Physics of Life - The Dynamic Organization of Living Matter

The key objective of the Cluster of Excellence Physics of Life is to identify principles that govern the dynamic spatiotemporal organization of life at the scales of molecules, cells and tissues, by utilizing innovative experimental approaches, theoretical predictions and computer simulation. We aim to provide an understanding of how biological processes emerge from the laws of physics, to deepen our understanding of living biological matter.
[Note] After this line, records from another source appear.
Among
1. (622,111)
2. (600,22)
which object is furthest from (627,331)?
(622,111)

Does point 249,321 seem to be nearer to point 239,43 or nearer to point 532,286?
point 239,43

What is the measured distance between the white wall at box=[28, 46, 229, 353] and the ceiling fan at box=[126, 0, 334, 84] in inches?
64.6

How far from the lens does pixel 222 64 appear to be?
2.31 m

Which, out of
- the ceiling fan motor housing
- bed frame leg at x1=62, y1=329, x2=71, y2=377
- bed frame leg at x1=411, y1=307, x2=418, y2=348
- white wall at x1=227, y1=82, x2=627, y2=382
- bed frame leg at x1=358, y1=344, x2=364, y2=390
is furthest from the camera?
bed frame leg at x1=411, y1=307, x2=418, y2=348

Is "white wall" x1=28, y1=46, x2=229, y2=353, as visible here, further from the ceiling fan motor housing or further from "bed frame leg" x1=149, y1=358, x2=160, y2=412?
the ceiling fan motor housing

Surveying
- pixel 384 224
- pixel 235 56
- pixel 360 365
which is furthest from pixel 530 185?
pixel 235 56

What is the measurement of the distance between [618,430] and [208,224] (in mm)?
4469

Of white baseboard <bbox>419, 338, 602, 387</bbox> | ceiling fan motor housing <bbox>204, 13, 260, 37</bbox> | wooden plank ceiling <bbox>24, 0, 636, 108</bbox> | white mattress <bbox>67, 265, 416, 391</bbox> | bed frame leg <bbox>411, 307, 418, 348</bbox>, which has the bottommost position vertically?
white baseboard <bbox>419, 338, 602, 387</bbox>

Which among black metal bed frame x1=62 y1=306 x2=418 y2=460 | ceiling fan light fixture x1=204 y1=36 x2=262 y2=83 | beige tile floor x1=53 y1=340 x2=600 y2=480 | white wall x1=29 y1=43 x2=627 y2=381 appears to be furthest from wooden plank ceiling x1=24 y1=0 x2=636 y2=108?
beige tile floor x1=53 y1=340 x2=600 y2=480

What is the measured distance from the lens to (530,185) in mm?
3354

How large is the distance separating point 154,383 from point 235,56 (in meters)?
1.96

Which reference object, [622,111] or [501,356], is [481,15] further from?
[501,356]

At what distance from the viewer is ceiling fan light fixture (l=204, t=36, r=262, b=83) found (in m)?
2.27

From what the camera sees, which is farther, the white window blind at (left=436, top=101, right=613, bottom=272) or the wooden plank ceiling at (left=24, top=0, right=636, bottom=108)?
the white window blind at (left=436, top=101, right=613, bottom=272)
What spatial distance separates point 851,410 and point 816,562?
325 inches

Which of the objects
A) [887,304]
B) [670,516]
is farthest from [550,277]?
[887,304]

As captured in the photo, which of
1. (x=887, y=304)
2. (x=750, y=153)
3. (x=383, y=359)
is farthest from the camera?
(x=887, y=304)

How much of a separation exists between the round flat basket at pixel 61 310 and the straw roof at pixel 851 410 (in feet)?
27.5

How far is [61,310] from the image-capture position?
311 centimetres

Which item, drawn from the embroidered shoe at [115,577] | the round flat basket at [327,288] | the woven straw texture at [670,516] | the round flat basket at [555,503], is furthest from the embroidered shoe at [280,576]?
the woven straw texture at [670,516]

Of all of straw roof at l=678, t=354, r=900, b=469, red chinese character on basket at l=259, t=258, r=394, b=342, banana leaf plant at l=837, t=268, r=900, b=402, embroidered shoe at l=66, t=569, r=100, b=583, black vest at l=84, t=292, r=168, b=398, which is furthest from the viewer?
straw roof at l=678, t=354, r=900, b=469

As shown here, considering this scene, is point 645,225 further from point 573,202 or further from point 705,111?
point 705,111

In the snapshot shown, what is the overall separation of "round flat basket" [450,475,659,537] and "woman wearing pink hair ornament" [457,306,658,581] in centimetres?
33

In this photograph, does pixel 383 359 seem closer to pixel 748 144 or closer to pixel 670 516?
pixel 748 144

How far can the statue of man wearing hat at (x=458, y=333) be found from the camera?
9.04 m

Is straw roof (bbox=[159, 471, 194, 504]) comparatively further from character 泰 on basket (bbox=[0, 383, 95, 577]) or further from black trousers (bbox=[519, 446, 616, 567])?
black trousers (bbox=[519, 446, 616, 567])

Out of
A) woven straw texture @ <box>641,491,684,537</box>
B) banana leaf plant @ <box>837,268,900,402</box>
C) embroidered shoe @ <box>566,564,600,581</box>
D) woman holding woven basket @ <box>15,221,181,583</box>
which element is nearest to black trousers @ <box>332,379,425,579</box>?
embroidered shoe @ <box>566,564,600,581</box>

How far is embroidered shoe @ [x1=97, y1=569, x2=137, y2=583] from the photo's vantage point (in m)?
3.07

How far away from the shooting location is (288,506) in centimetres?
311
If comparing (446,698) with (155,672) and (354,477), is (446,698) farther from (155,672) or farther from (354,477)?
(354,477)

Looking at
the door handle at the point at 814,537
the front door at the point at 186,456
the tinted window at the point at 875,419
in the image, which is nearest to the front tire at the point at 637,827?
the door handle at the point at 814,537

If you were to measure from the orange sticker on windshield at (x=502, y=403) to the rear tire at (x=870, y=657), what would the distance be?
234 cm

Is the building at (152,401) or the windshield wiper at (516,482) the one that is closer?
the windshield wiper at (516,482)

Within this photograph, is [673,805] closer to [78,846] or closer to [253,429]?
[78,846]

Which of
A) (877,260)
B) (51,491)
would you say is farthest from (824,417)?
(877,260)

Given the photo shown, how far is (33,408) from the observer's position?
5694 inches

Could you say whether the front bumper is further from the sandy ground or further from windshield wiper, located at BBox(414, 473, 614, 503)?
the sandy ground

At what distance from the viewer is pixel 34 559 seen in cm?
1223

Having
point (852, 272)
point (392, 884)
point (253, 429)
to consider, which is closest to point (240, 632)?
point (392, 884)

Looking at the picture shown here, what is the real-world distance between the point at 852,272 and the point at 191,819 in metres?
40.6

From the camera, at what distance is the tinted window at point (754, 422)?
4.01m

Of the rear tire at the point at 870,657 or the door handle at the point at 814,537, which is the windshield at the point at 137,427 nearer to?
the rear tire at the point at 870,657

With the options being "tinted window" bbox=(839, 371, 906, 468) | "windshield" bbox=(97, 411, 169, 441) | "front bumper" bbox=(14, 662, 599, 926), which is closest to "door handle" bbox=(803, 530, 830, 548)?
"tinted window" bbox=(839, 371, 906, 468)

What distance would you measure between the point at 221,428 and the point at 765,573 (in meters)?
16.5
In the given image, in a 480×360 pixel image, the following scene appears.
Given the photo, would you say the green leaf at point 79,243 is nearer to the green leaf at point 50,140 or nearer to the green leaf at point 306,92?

Our Strategy: Understand biological processes as physical processes – focus on key biological questions that call for a physics perspective. We break down the complex task of understanding the principles of dynamic organization of the living state of matter into six Research Avenues (RAs) that focus on distinct scientific goals, and that support and stimulate each other.

Guided Mechanochemical Self-Organization

Research Avenue 1 wants to unravel the principles by which mechanics and biochemical coupled in morphogenesis. We aim to reveal how the associated modules of self-organization are guided by physical cues and upstream signaling pathways.

Compartmentalization of Living Matter

Research Avenue 2 wants to understand the extent to which the principles of phase separation and phase transitions help in understanding how cells modulate their biochemistry. We aim to have a general understanding of the ways in which phase separation and cellular compartments emerge from physical chemistry and the interaction of individual molecules.

Active Molecular Systems

Research Avenue 3’s objective is to elucidate collective spatiotemporal behaviors of active molecular systems, and to reveal the principles by which active molecular assemblies give rise to dynamic intracellular processes. We aim to obtain a general understanding of the principles by which collectives of active molecules generate intracellular dynamics.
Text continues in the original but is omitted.